A brief survey of a few of the jurisdictions that have previously recognized the tort of spoliation of evidence as an independent cause of action is relevant to our analysis. The California Court of Appeal for the Second District was the first court to adopt spoliation of evidence as an independent tort. See Smith v. Superior Court (Cal. Ct. App. 1984), 198 Cal. Rptr. 829, 837.

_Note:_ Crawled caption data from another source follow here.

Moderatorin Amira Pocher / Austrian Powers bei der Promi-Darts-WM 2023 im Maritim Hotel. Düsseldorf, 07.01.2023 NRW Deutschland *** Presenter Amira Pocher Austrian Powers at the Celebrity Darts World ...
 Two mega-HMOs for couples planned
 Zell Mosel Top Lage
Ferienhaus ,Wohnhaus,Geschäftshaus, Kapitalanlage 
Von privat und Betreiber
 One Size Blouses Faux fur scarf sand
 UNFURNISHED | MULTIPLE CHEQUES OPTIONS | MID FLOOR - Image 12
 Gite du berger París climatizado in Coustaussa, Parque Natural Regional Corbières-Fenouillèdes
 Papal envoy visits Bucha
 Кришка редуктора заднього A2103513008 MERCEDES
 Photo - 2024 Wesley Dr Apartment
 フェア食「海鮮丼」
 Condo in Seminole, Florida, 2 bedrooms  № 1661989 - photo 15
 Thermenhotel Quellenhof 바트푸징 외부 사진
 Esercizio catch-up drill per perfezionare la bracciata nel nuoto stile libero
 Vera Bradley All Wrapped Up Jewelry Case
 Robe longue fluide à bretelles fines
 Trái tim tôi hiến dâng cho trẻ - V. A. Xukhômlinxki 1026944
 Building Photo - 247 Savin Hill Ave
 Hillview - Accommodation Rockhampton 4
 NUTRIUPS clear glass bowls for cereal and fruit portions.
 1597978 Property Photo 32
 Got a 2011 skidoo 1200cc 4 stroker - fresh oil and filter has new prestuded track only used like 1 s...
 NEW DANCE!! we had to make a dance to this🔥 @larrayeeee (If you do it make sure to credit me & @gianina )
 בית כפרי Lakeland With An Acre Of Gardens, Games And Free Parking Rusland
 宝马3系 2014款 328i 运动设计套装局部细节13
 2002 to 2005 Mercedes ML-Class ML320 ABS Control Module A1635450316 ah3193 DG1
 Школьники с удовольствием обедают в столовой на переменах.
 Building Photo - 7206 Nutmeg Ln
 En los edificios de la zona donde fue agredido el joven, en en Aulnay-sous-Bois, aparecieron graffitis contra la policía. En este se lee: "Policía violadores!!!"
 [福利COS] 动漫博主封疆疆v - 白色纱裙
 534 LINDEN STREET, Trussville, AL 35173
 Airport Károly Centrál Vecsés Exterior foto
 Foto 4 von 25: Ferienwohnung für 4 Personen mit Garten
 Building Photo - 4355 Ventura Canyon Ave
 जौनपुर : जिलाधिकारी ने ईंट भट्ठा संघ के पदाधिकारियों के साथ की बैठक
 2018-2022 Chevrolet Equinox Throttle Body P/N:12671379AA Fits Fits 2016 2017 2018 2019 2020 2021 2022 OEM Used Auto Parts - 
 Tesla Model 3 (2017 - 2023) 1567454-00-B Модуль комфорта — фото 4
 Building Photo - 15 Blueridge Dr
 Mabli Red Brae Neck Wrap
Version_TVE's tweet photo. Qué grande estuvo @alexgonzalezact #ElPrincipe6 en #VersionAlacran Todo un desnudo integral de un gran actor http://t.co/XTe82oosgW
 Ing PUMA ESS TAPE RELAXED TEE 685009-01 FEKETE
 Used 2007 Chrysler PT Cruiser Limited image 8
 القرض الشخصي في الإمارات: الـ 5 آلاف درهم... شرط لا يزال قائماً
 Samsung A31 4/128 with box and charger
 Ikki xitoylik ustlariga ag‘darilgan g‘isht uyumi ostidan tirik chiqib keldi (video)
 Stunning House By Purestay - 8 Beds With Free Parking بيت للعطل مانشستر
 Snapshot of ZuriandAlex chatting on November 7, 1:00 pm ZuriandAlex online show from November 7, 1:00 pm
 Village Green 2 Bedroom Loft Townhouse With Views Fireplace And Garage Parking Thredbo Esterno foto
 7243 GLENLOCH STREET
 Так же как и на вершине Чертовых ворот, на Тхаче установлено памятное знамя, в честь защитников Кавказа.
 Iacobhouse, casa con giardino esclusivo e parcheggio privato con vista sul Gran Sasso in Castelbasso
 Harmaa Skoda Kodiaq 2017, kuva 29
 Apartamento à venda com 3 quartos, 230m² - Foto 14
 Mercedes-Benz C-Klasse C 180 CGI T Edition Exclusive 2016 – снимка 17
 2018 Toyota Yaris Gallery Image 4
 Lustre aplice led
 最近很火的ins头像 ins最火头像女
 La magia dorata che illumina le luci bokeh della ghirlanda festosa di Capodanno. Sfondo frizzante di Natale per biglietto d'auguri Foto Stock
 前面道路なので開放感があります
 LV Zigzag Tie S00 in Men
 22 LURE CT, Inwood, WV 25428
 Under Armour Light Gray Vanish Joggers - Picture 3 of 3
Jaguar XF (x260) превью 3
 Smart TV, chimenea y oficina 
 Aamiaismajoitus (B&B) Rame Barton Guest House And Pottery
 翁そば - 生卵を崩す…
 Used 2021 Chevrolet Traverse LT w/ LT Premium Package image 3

In that case, the plaintiff was injured when a wheel and tire flew off an oncoming van and smashed into the windshield of her car. After the accident, the van had been towed for repairs to the dealership that had originally installed the van's customized wheels. The dealership agreed to maintain certain parts pending further investigation by plaintiff's counsel. However, some time thereafter, the dealership destroyed, lost, or transferred the physical evidence. See Smith, 198 Cal. Rptr. at 831. In determining whether to recognize a new tort for the intentional spoliation of evidence, the court focused on the evolving nature of tort law. Relying on the basic premise that "for every wrong there is a remedy," the court established the tort of intentional spoliation of evidence as an independent cause of action. See Smith, 198 Cal. Rptr. at 832. In doing so, the court acknowledged that the extent and amount of damages in a spoliation case are highly speculative. See Smith, 198 Cal. Rptr. at 835-36. Finally, the court analogized the new tort of spoliation to the tort of interference with prospective business advantage already recognized by the State of California. The court concluded that a prospective civil action is a valuable probable expectancy that public policy dictates the court must protect from interference even though damages cannot be stated with certainty. See Smith, 198 Cal. Rptr. at 836-37. In addition, the court referenced the California Supreme Court decision of Williams v. State of California (Cal. 1983), 664 P.2d 137, issued the previous year, which implied that a cause of action for negligent spoliation of evidence might be established if the spoliator were under a duty to preserve the evidence. See Smith, 198 Cal. Rptr. at 833; see also Rubin, 51 Fla. L. Rev. at 349-50.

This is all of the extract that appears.